The months of June and July are typically when many large corporations initiate efforts to refine or develop their business plan outlining their goals and associated actions for the next few years. Depending on the company this may be called the "Fall Plan," the "Annual Strategy" or something similar. More often than not it is really just a budgeting exercise with a set of assumptions determined by a person or group somewhere high in the corporate bureaucracy that are passed down to the operating units.
Too often the assumptions are simply some variation of "take last year's figures and add some target percentage for growth" coupled with "cut some target percentage to show we're getting more efficient." The 2010 planning cycle assumptions will be particularly interesting to observe. Given the severe recession and volatility in commodities, currencies and energy, what is considered a normal base to apply those magical target percentages?
A year ago, crude oil was nearly $150 per barrel, which then plummeted to below $40 per barrel and is now over a six-month high at $62 per barrel with demand trending higher. Similar peaks and valleys can be seen across the charts of many commodities and currencies. Some industries and companies have seen demand fall 60 to 80 percent. How do the planners in the corporation decide what is the baseline? Do they take an average? Apply a standard deviation? How do they predict when and how a recovery will take place? Will the charts trace a "V," "U" or an "L?" As Yogi Berra once noted, "It's tough to make predictions, especially about the future."
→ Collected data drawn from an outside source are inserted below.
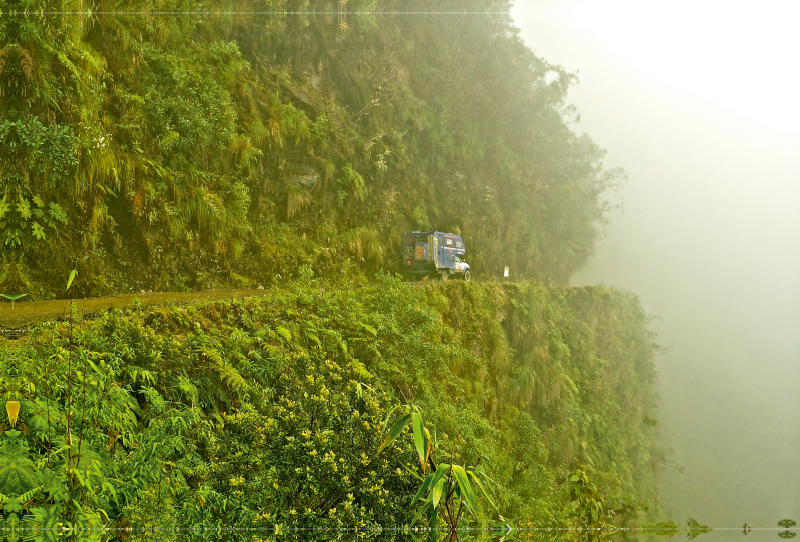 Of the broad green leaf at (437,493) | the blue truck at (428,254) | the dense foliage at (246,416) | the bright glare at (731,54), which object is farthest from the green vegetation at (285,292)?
the bright glare at (731,54)

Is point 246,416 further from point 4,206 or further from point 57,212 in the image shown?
point 57,212

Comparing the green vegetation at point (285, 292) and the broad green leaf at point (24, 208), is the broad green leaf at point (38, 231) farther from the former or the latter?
the broad green leaf at point (24, 208)

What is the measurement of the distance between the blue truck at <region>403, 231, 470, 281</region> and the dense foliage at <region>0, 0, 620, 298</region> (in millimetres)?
817

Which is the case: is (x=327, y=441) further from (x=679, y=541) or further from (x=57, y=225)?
(x=679, y=541)

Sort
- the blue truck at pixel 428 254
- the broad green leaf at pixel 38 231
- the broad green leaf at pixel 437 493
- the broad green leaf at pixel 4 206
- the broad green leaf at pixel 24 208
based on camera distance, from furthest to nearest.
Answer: the blue truck at pixel 428 254 < the broad green leaf at pixel 38 231 < the broad green leaf at pixel 24 208 < the broad green leaf at pixel 4 206 < the broad green leaf at pixel 437 493

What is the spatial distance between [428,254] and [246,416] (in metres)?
13.4

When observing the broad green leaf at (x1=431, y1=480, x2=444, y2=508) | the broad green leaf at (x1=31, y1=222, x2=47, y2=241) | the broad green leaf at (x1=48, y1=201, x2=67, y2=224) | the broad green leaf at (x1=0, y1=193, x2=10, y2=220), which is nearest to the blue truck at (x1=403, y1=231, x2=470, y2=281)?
the broad green leaf at (x1=48, y1=201, x2=67, y2=224)

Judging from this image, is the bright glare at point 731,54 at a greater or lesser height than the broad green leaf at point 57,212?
greater

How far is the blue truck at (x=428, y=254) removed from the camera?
17.3 metres

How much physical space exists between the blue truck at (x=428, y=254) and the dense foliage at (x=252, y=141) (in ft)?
2.68

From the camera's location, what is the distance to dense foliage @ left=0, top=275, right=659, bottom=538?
388 cm

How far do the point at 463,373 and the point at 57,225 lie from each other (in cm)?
1060

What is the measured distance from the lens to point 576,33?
252 ft

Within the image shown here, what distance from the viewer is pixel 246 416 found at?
173 inches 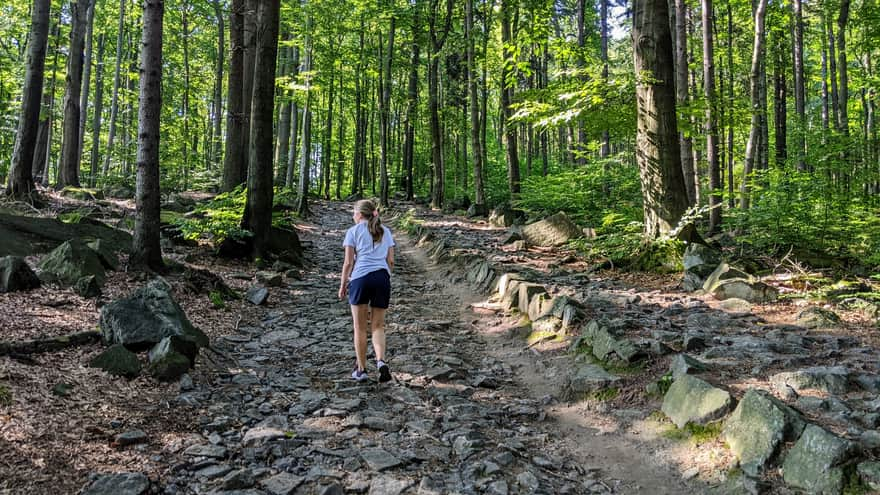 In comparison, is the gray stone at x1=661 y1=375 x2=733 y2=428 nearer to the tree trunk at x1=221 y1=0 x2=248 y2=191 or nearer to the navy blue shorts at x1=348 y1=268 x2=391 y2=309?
the navy blue shorts at x1=348 y1=268 x2=391 y2=309

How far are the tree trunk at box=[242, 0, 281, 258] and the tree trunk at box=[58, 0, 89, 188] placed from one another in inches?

Accepted Risks of Global Trade
Logistics and supply chain managers have always had elements of risk management in their job description in terms of dealing with an imperfect physical world of severe weather and natural disasters, damaged product, mechanical failures of the shipping conveyance, port delays and, amazingly, even pirates. Cargo insurance, safety stock and back-up plans to re-route freight or use expedited freight are the typical means of dealing with these elements of risk. Considering the complexity of managing a large volume of shipments across multiple lanes, logistics and supply chain managers understand that you can't predict when or where a delay or incident will occur; however, historical data dictates that there will be some percentage of shipments that experience problems. The key to survival is preparation versus prediction.
How can a business prepare for the risks that can't easily be captured based on the history of previous transactions? The last 12 months have been unprecedented. You may have even heard that these challenging economic times have been a "once in a century" or "once in a lifetime" event. Let's hope so. But, is it really true? Maybe the root causes have been different to previous economic crises, but haven't economies had recessions, severe bear markets, high unemployment, and energy price spikes and sell-offs before? And, historically speaking, not that long ago? Yet, how many of 2008's corporate planning assumptions allowed for a wide range of scenarios and outcomes over the coming year instead of a single target number based on a singular view of the future? How many companies will overcompensate their 2009 plans downward in their outlook in establishing that singular view of the future after wildly missing the mark in 2008? That could severely hamper a company's ability to capture the benefits of a sharper-than-predicted recovery.